I've been busy recently...

Very busy.

January came and went with the initiation of several big projects - stuff I didn't think I would finish by February...

But, somehow, I'm on track to ship (subscribe to my blog to get insider sneak peaks and first releases of awesome content, products and projects before everyone else).

Here are a few things I did that helped me focus my effort so I could create some great stuff I really think will help you on your own journey:

#1. Establish a Deadline

No matter what happens, the projects I'm working on WILL ship.

Maybe that means I don't leave the computer the weekend before they ship, but so be it.

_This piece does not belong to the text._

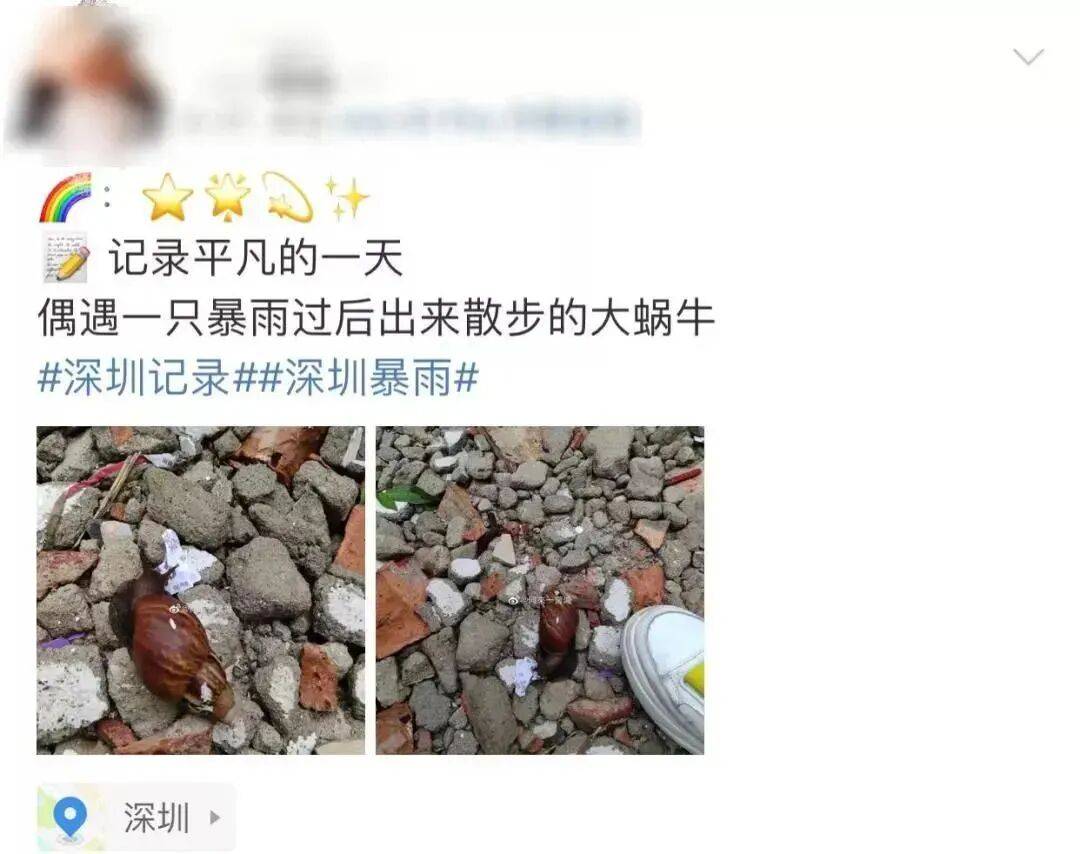 皇冠信用_“只是摸了一下”皇冠信用，深圳1岁女童小区玩耍，确诊严重脑炎！最近很多人见到，千万别碰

As long as you set a ship date - and understand that shipping isn't an option - your project will ship.

#2. Identify Perfect...and then Identify Good Enough

Perfect is what you strive for.  But good enough is what you NEED.

It's important to identify what makes your project perfect, but perfect rarely happens.  If you don't know what good enough looks like, you will spend time spinning wheels trying to reach the unattainable.

On the other hand, if you identify good enough beforehand, and the project is good enough, you can still ship on time.  And shipping is what matters.

#3. Thrash

Thrashing is all about tearing apart your idea to find the holes, the missing pieces, and the weaknesses of your project.

Thrashing is brutal.

When we sit down to really understand what and why we're doing something, or how to put our project together, it means we inspect every part of who WE are.  If there's not clear solution to a part of your project, it's easy to feel terrible.

Don't.

Thrashing is essential.  If you don't thrash, you'll never find your voice, manifest your vision, or ship your final product.

Thrashing occurs throughout the project, but when you spend serious time and effort thrashing in the beginning, you'll produce a better product and run into less trouble along the way.

(here is a great article by Jonathan Fields on Thrashing)

#4. Chunk

Chunking is taking the thrashed version of your idea and creating individual ship dates for each component/piece/part.

I like to chunk down pieces of the project into 1-3 hour intervals.  This means every piece of the puzzle I can accomplish within a 3 hour time-frame.

This allows me to realistically set a ship date that know I can reach it.

-> "What if I don't know how long something will take?"

I rarely know how long something will take.  But I've learned something through my experiences: a 30 minute blog post WILL take 3 hours.

That eBook you think you can write in a 7 days WILL take 1 - 2 months.

The manuscript you're working on, the one you think will take a few months...give yourself a year.

My rule of thumb: When in doubt, multiply by 6.

#5. Ship

That's right: actually shipping is essential to shipping your project successfully.

But how many people actually ship?

Everything here is focused on shipping, because shipping matters (see item #2).  Even if iteration 1.0 doesn't turn out the way you want it to, it's out there, and you can refine and re-release later.

The goal, of course, is to thrash and chunk in such a way that you create a stellar product and ship something incredible the first round.